= Task description =
These records contain pictures, which must be left out; copy exactly the lines from the one with "e incómodo La" up to and including the one with "Зеленое повседневный изысканное".

= Exercise data =
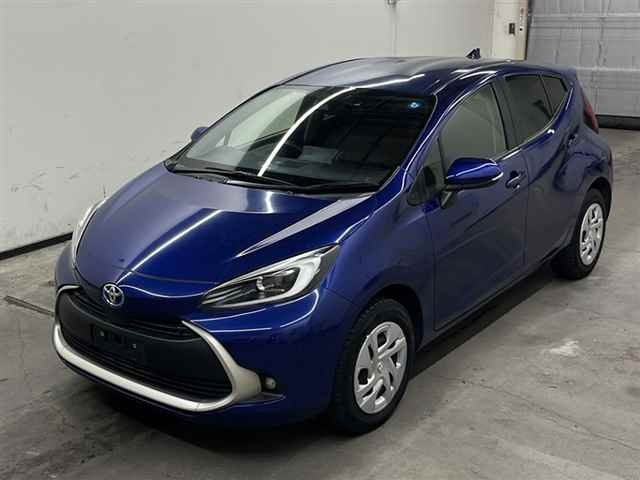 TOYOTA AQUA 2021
==
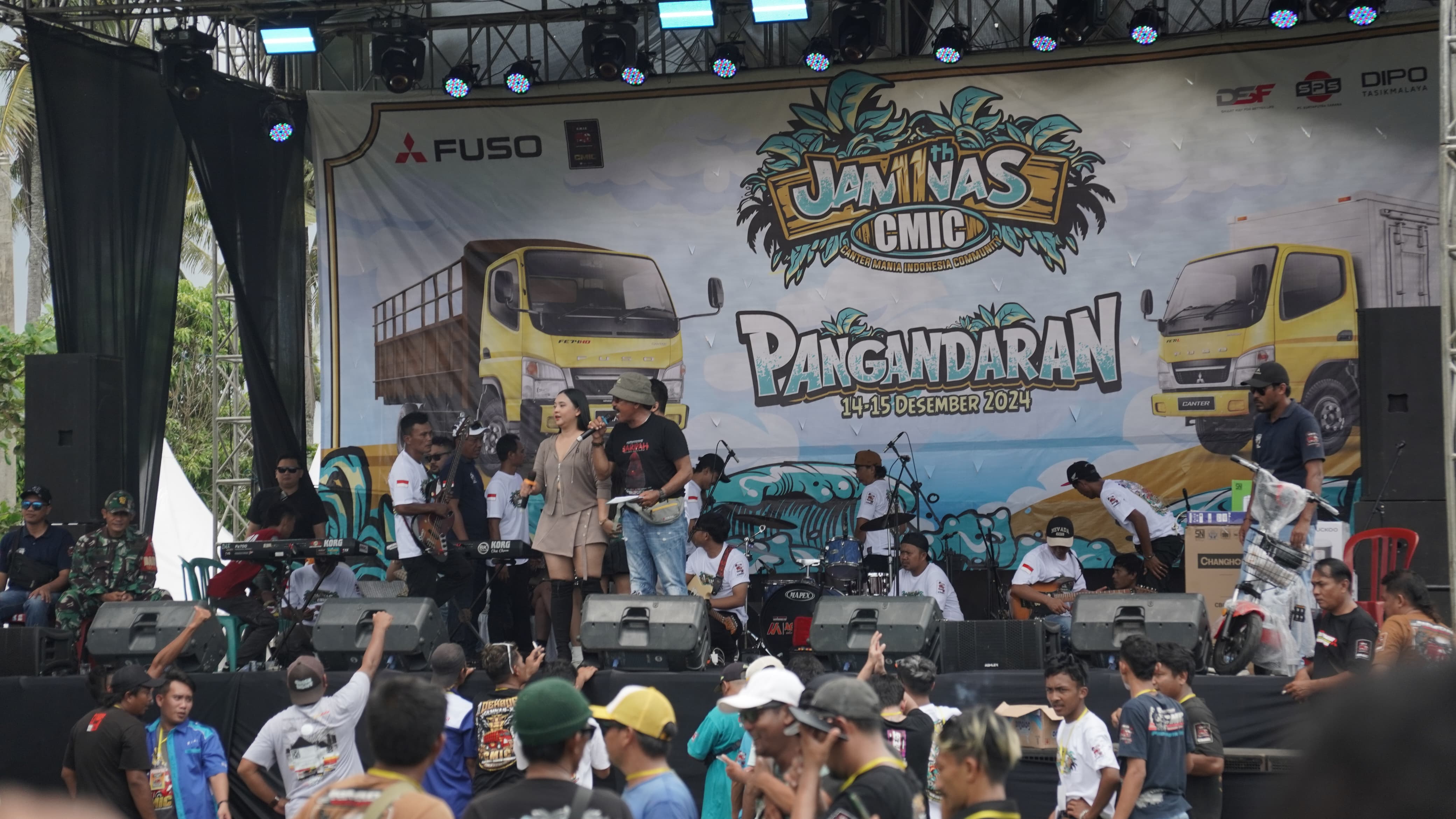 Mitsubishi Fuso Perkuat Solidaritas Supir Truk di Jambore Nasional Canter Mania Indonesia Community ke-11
...
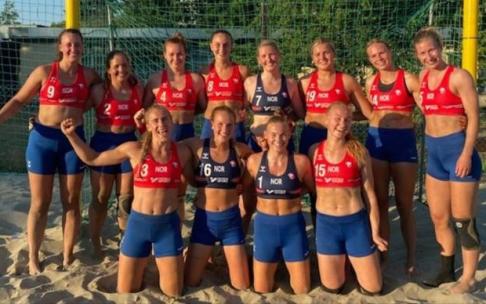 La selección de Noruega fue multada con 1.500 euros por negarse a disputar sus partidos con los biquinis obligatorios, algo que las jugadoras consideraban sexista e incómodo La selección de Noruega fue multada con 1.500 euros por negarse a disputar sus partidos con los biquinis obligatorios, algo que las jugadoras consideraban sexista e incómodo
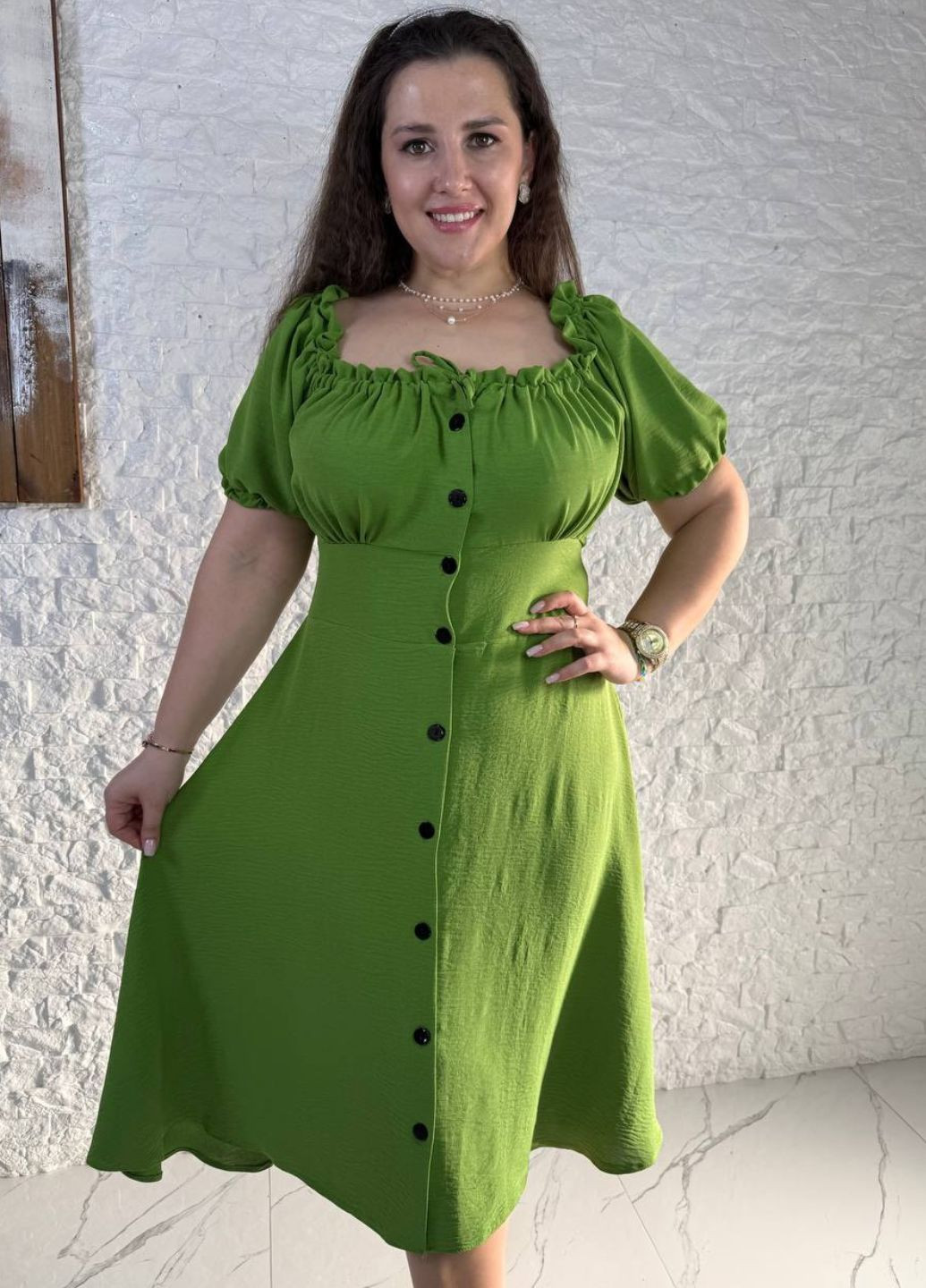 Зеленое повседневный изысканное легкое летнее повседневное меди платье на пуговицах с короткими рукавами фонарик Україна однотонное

= Solution to this problem =
 La selección de Noruega fue multada con 1.500 euros por negarse a disputar sus partidos con los biquinis obligatorios, algo que las jugadoras consideraban sexista e incómodo La selección de Noruega fue multada con 1.500 euros por negarse a disputar sus partidos con los biquinis obligatorios, algo que las jugadoras consideraban sexista e incómodo
 Зеленое повседневный изысканное легкое летнее повседневное меди платье на пуговицах с короткими рукавами фонарик Україна однотонное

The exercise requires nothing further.